NASA has contracted with the Space Science and Engineering Center (SSEC) at the University of Wisconsin-Madison to support its new Suomi National Polar-orbiting Partnership (SNPP) Science Team in the creation of a continuous Earth System Data Record (ESDR).
The initial contract will last four-and-a-half years, providing about $2 million per year. It is one of five NASA Suomi NPP Science Investigator-led Processing Systems (SIPS): the Visible Infrared Imaging Radiometer Suite (VIIRS) Atmosphere SIPS, based at SSEC; the VIIRS Land, VIIRS Ocean, and Ozone SIPS, located at NASA’s Goddard Space Flight Center; and the Sounder SIPS, located at NASA’s Jet Propulsion Laboratory.
Maintaining a continuous ESDR will provide scientists wishing to study long-term environmental issues, such as global climate change, with an uninterrupted archive of satellite data from the Suomi NPP mission.

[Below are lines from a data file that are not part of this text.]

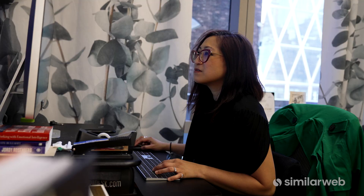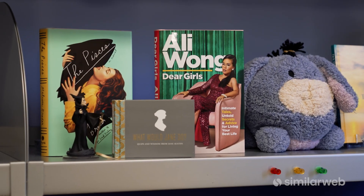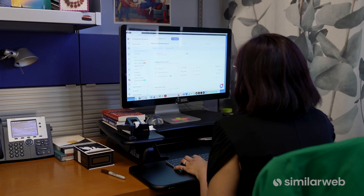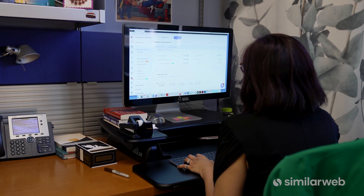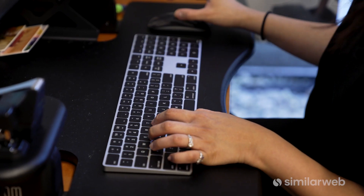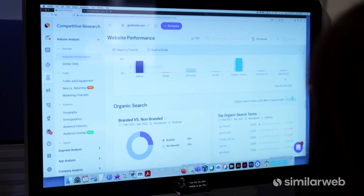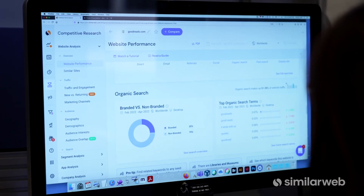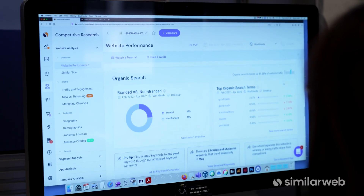We're all consumers, so think about how we discover things — we use keywords. We spend the majority of our time on the internet, and so SimilarWeb is an essential tool for understanding these consumers, who they are, and what they're looking for.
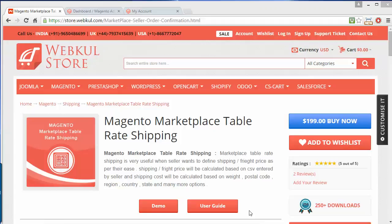Hello everyone, here is a new video of Magento Marketplace Table Rate Shipping. This module is highly beneficial for marketplace users. After installing this module, sellers have the option to define shipping prices as per their ease.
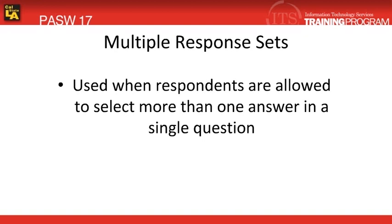Multiple response sets are used when respondents are allowed to select more than one answer in a single question. The following module will show you how to define a multiple response variable set, and then use that to run a multiple response frequency analysis.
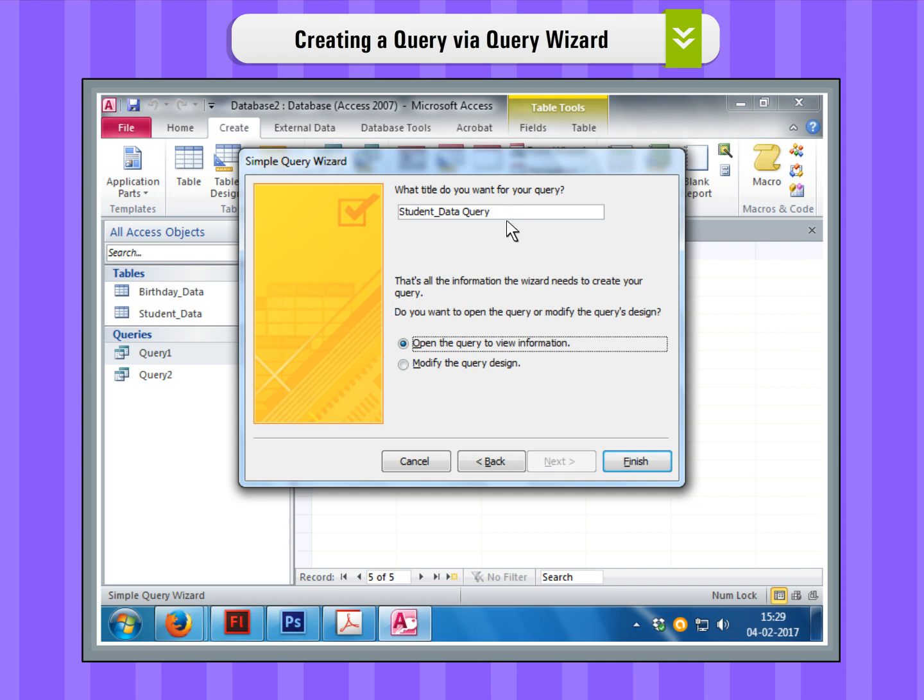Select Open the Query to View Information and click on the Finish button.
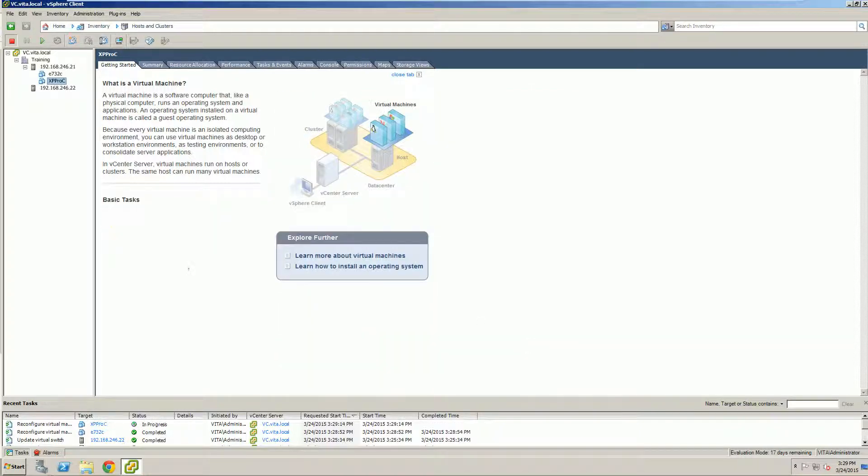To test it, you'd power them on and verify network connectivity. And that is all for this lab. Thank you.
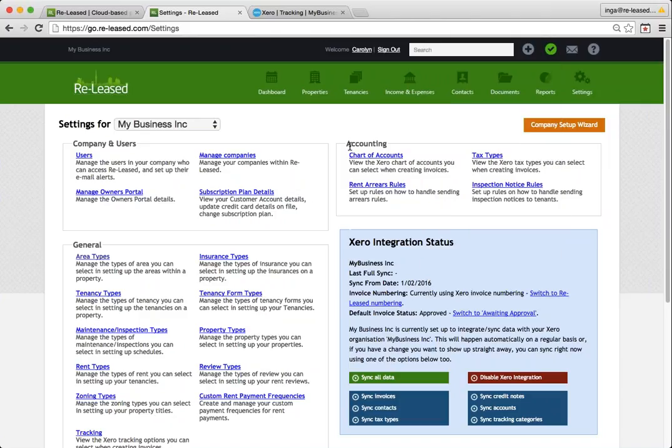So now that that's done, the final part of setting up the Xero integration is to finish setting up the tracking. So you'll remember we set up tracking in our Xero account. We now need to link it to our company and our properties.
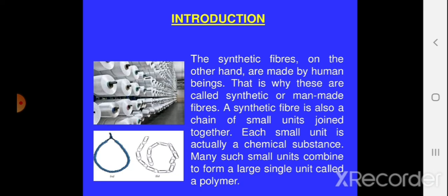Each small unit is actually a chemical substance. That chemical substance is called a polymer, which we are going to discuss in the next slide in detail. Basically, a synthetic fibre is produced in factories and prepared by humans. They are chains of small units joined together, and these small units are nothing but chemical substances. Many such small units combine to form a large single unit known as a polymer.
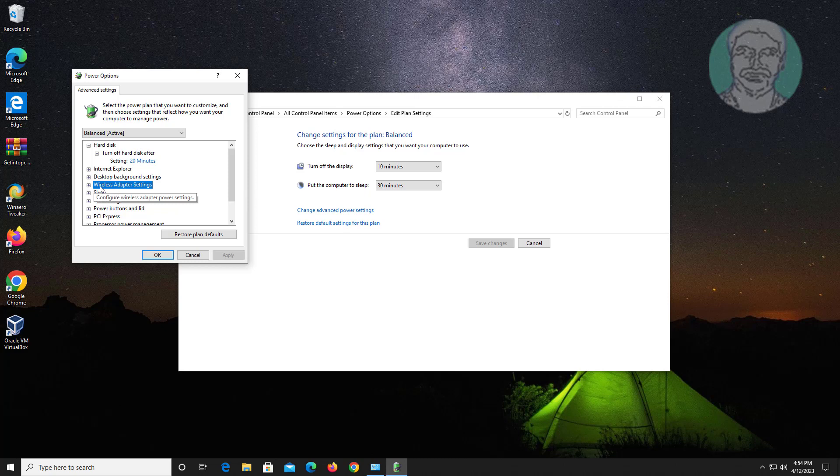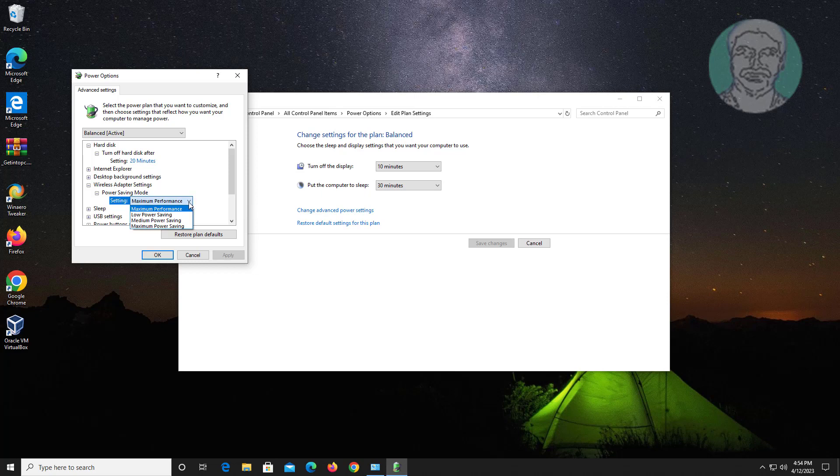Click and expand wireless adapter settings, click and expand power saving mode, select maximum power saving.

“Researchers want to see a nice, unbroken record,” said SSEC scientist Liam Gumley, who is the principal investigator for the Atmosphere SIPS. “Our work will help researchers who are looking at the long-term variability of different parameters that could be impacted by climate change, such as global cloud cover.”

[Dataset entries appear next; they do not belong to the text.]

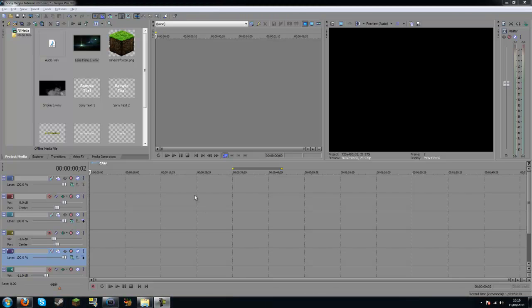Hello YouTube and welcome to my Sony Vegas basic intro guide. So what I'll be doing today is just showing you how to make a basic intro with Sony Vegas. This is Sony Vegas Pro 9.0 and it's a very simple tool to use to edit your videos.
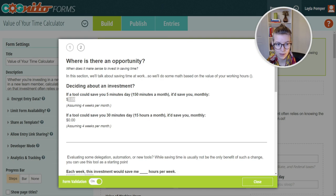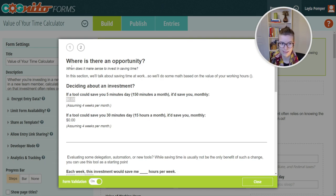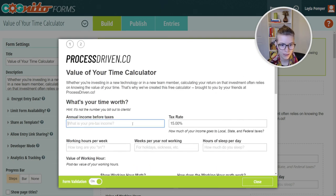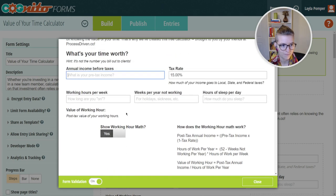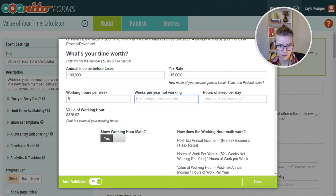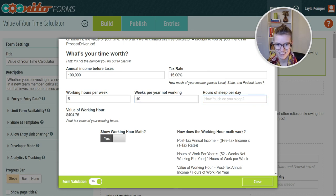Here you can also have it do calculations. So I didn't put in any numbers on the last tab, but if I had, you'd be able to see that. Let's just say they make ten thousand dollars a year. Maybe I work five hours a week.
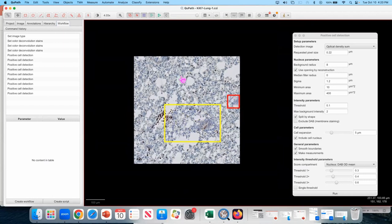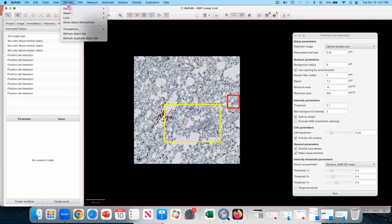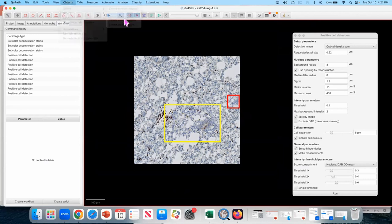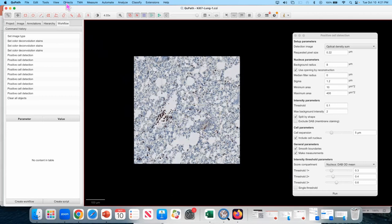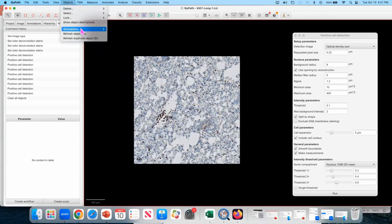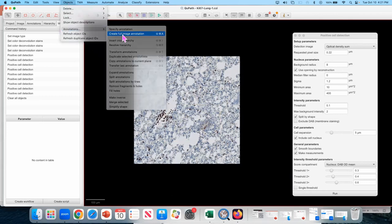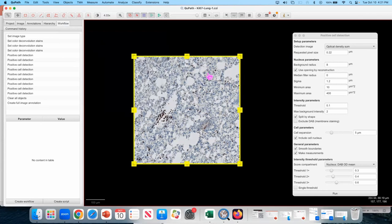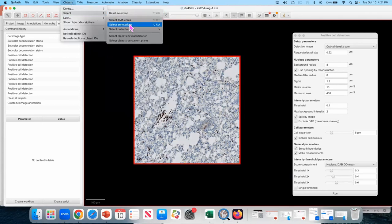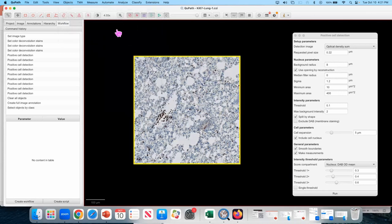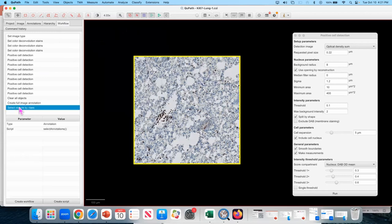Now, I want to try it on the whole image, because perhaps those are not very representative regions. So I'm going to go to objects, delete all objects. Yes, delete everything. I want to create a full image annotation, because for cell detection command to work, we need an annotation. I'm going to do a trick. I'm going to go to objects, select annotations. I had it selected. Why did I do that? The only reason for that was that I wanted to have this command to appear in my workflow.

The primary task of the Atmosphere SIPS, led by Gumley and co-investigators Steve Ackerman and Bob Holz, is to create atmosphere products from the VIIRS instrument onboard the SNPP satellite, using algorithms and software created by the NASA SNPP Science Team.
NASA Goddard Space Flight Center sends the raw satellite data to SSEC, where the Atmosphere SIPS team processes them to create global atmospheric products — such as cloud height, cloud phase, cloud properties, and aerosol optical thickness — which they then send back to NASA, with metadata, for archiving and distribution.
“Our role is mainly to be the production engine,” said Gumley. “We process all the global atmospheric data from Suomi NPP: daytime, nighttime, from pole to pole, every day.”
The group processes data in what is called a “forward stream,” explained Gumley, processing “today’s data today, and tomorrow’s data tomorrow.”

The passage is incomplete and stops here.